L'Islande, futur paradis journalistique ?

Comme un écosystème, où de micro-organismes parasitent des hôtes plus volumineux, l'ordre international se fonde sur une tension entre grands Etats-nations et petits Etats-parasites qui entretiennent avec eux une interaction ambigüe.
De tous temps, les petits Etats ont compensé leur force de frappe limitée en jouant de la concurrence réglementaire. La France, par exemple, est entourée d'une nuée de micro-pays qui aident les citoyens hexagonaux à contourner telle ou telle législation jugée trop contraignante. C'est ainsi que le monopole sur la radio-diffusion a été érodé par par les radios périphériques, qui émettaient depuis le Luxembourg (RTL) ou Monaco (RMC). C'est ainsi également que l'impôt sur la fortune est évité par de riches Français qui s'installent en Belgique ou organisent une évasion fiscale plus généralisée à Andorre ou Monaco.

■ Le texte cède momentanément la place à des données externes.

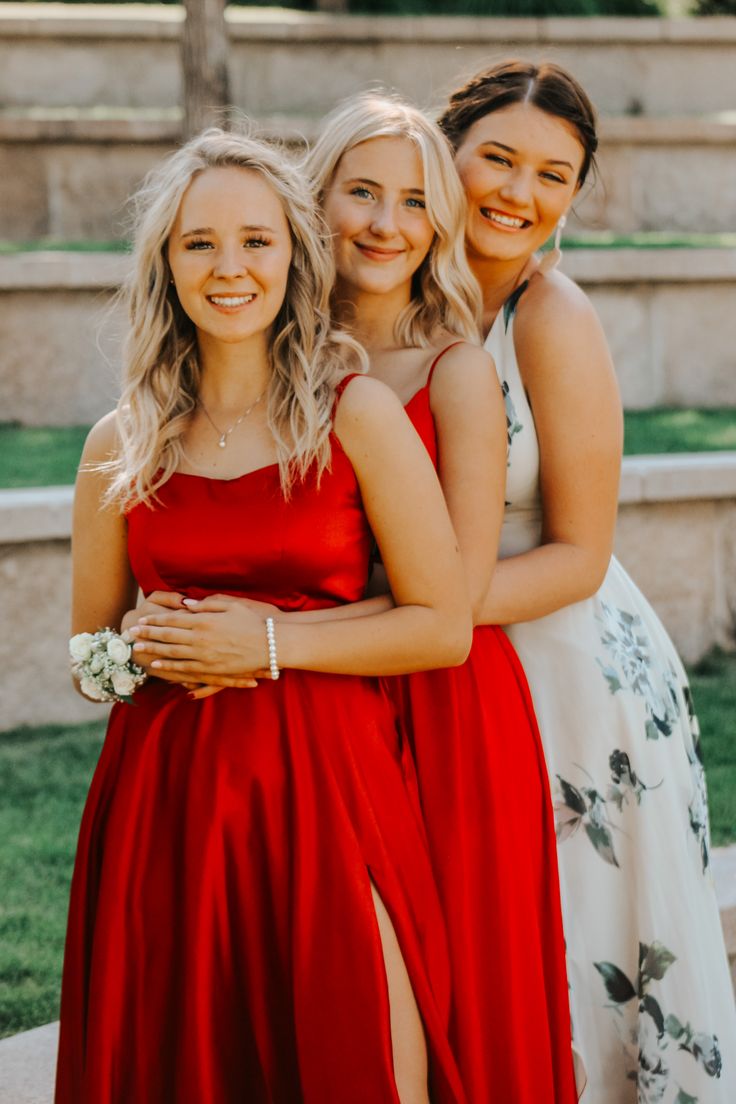 three women in red dresses standing next to each other with their arms around one another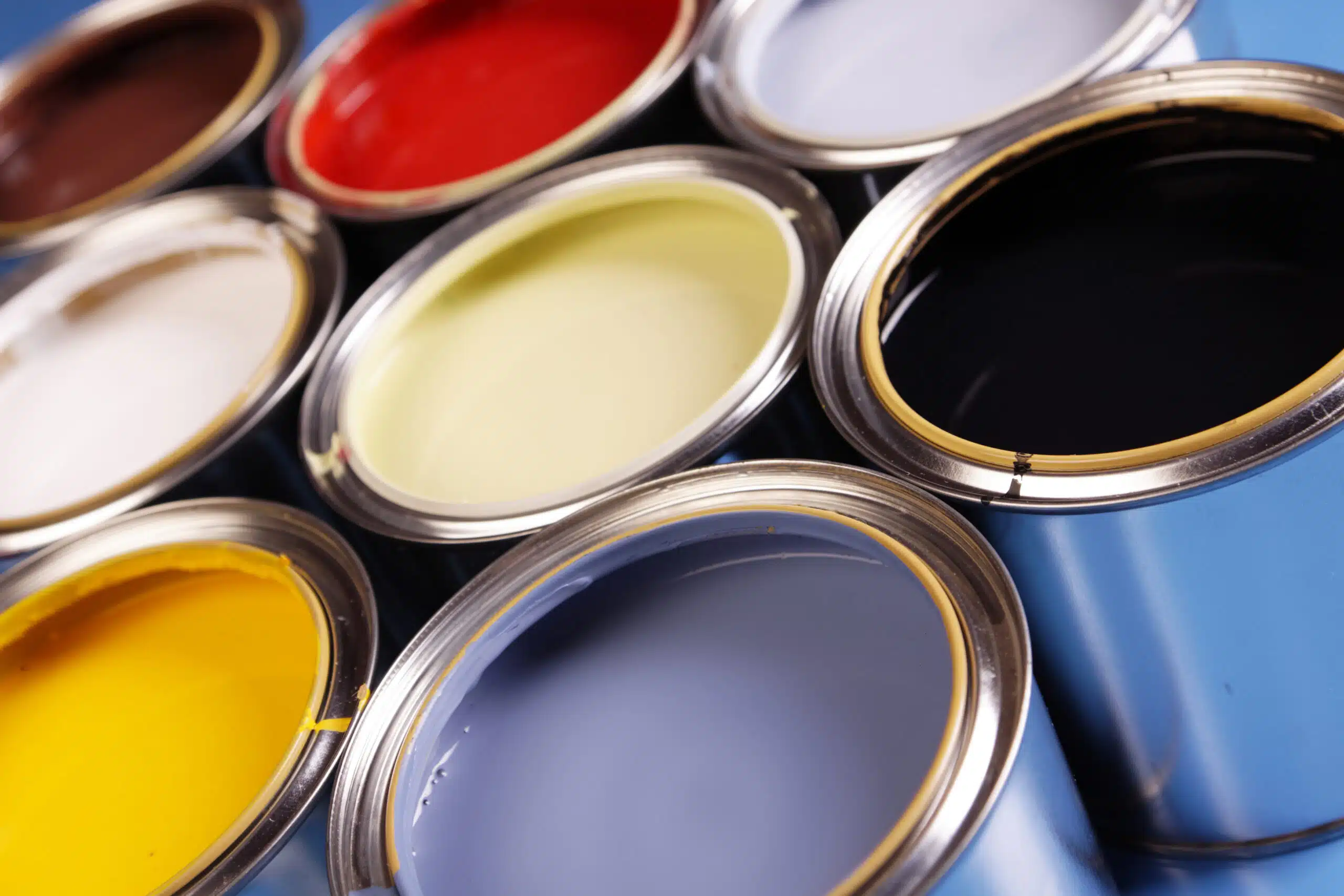 A collection of paint cans in various colors, labeled for American Town Painting, showcasing vibrant hues for projects.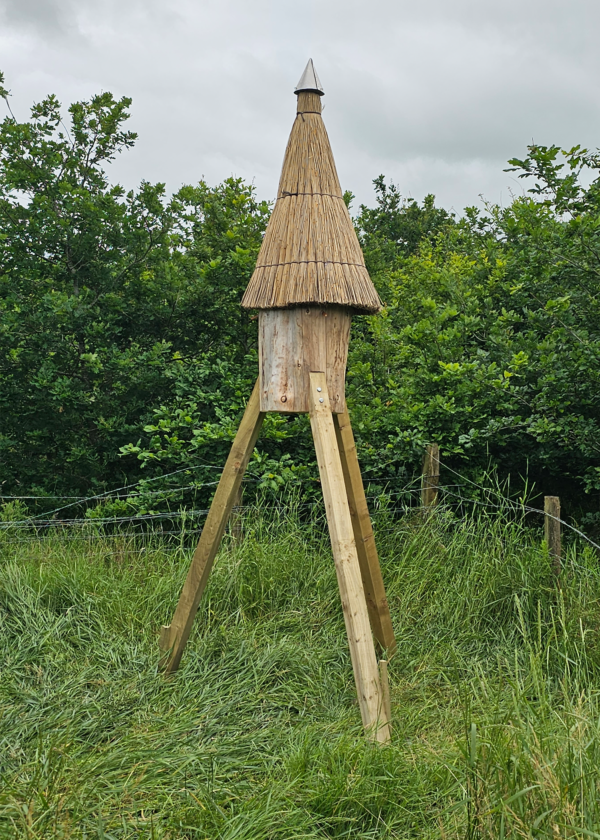 Elevated log hive in a field with fencing and trees behind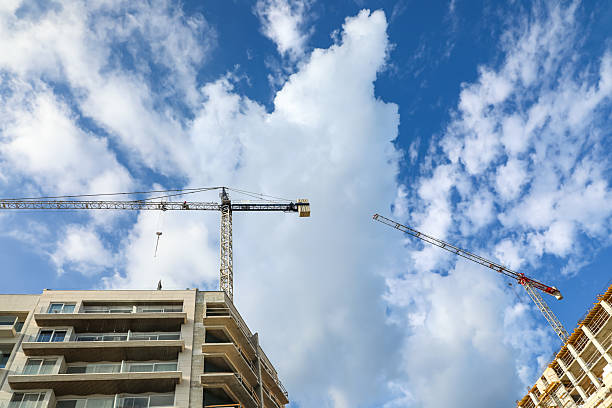 istock Two massive construction cranes silhouetted against the open sky, lifting materials to new heights and reflecting progress, innovation, and ambitious large-scale building projects. 2247632585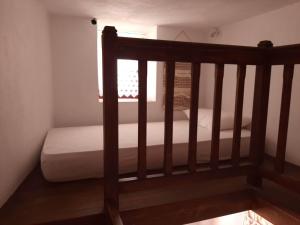 ein kleines Bett in einem Zimmer mit Fenster in der Unterkunft Bella Vista Montagna in Apérathos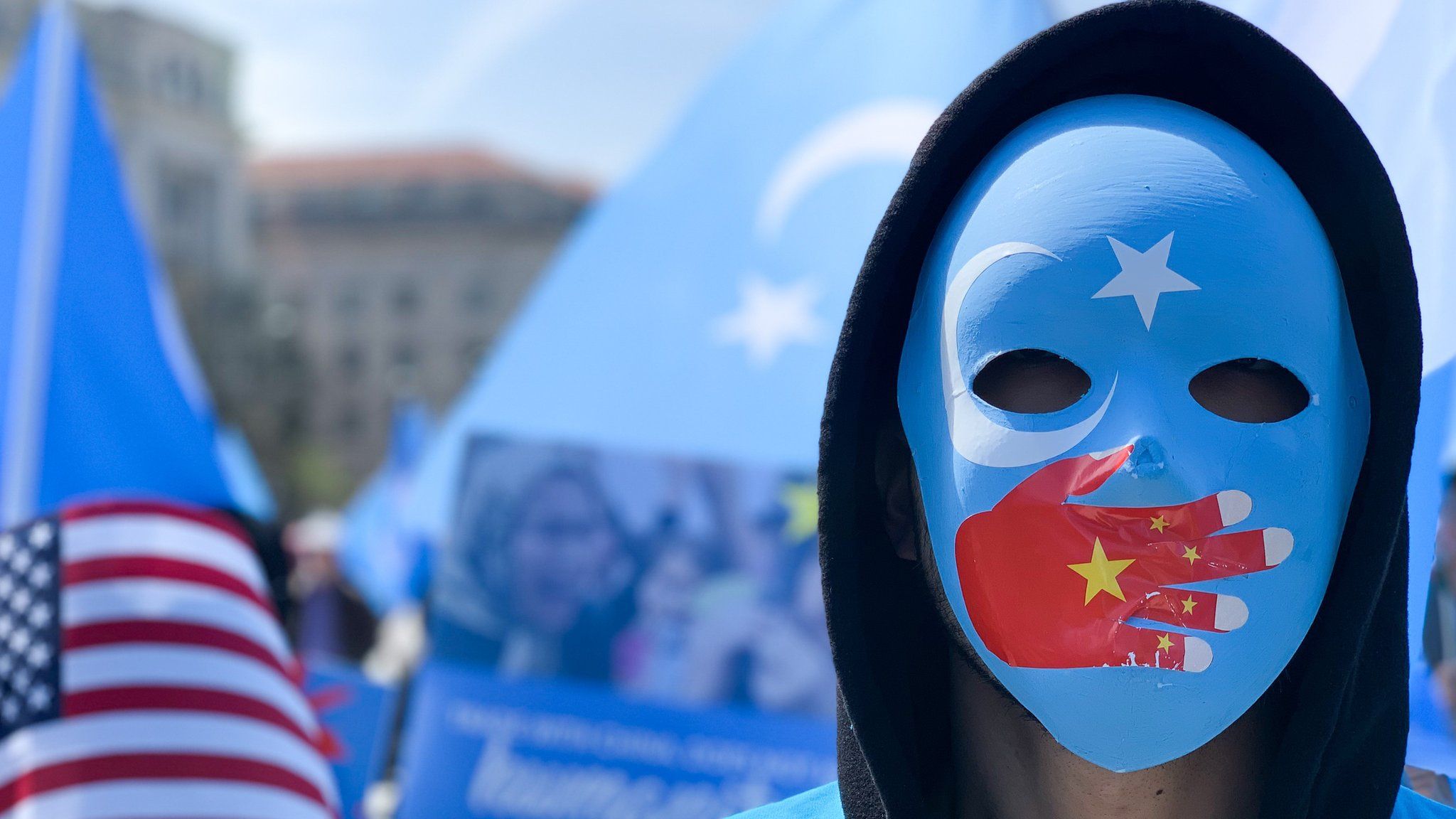 A demonstrator, wearing a mask with a Chinese flag on a hand over the mouth, protests in Washington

Cet équilibre précaire entre petits et grands se répète, à des degrés divers, en d'autres endroits de la planète, qu'il s'établisse entre l'Allemagne et le Liechtenstein, entre les Etats-Unis et les paradis fiscaux caribéens ou entre la Chine et Hong-Kong/Macao.
Avec ses 320.000 habitants, l'Islande pourrait devenir le prochain Lilliputien à fausser la donne internationale - mais d'une façon assez inédite. Une initiative parlementaire vise à transformer l'île en une espèce de "paradis médiatique", où les journalistes et penseurs du monde entier pourraient se prévaloir d'une législation ultra-protectrice. Un peu à la manière dont la Belgique, au 19e siècle, accueillait, de Baudelaire à Marx, des auteurs sulfureux exilés de France ou d'ailleurs.
L'initiative islandaise s'inspire d'ailleurs de la Belgique, puisque sa législation actuelle sur la protection de sources est l'un des exemples mis en avant. Mais l'ambition est ici plus élevée. Il s'agit de faire de l'île le pays le plus avancé du monde dans le droit des journalistes. Protection de sources, protection des intermédiaires (comme les fournisseurs d'accès à internet), limitation de la responsabilité pénale et, surtout, non-respect des jugements étrangers qui ne se conformeraient pas à la législation nationale. L'Islande pourrait donc devenir un hâvre de paix pour les auteurs persécutés à travers le monde.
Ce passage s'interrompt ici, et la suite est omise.